Check out this great Twitter thread of photos by a visitor at the opening weekend, including these rad public transport posters shown below. Dare we hope the gift shop will sell prints of these beauties?
Posters by artist Friedrich Hundertwasser celebrating public transport. (Photo: Fred Smithers via Twitter)
Out and about in Tāmaki this weekend
After you’ve submitted on the Grey Lynn and Westmere cycling improvements, here are a few ideas for getting out in the summer sunshine this weekend, a couple of low-transmission ways to enjoy the city. Please pipe up with more suggestions in the comments!
Spotted at Silo Park
There are already some great playgrounds in Silo Park. On a bike ride down there last week I noticed some fun new spaces. The latest addition to the public space, behind the gantry, features cool yellow pipe-like play structures, some of which become playable water features when you turn the right handle. Just behind that, a big area of the tank farm has been asphalted and opened to the public. There are baskteball hoops, football nets, and a big area for zooming about on bikes, scooters, rollerskates and skateboards.

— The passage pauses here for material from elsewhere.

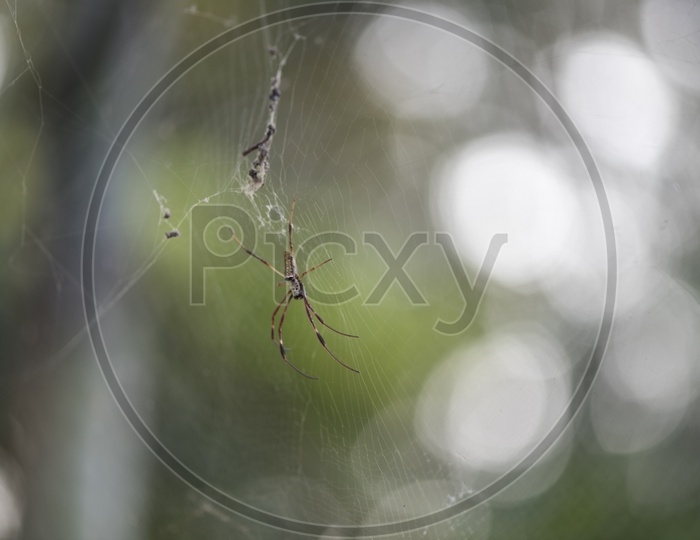 Spider In  a Cobweb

Or how about a stroll in the gardens?
I had no idea that just 40 years ago, the Botanic Gardens were paddocks and farmland. Maybe this is the weekend for wandering around and enjoying the plants?
It is 40 years since Auckland Botanic Gardens opened to the public, on 23 February 1982. What had been a farm in the south of the city had begun its transformation into a rich and beautifully planted botanic gardens.https://t.co/iGXTlchmMm pic.twitter.com/RtJBh40ijh
— AklBotanicGrdns (@AklBotanicGrdns) February 22, 2022
And if you’re a fan of swimming, we have lovely afternoon high tides this weekend: 16:04 on Saturday, and 17:11 on Sunday.
Thanks for reading, and have a lovely weekend!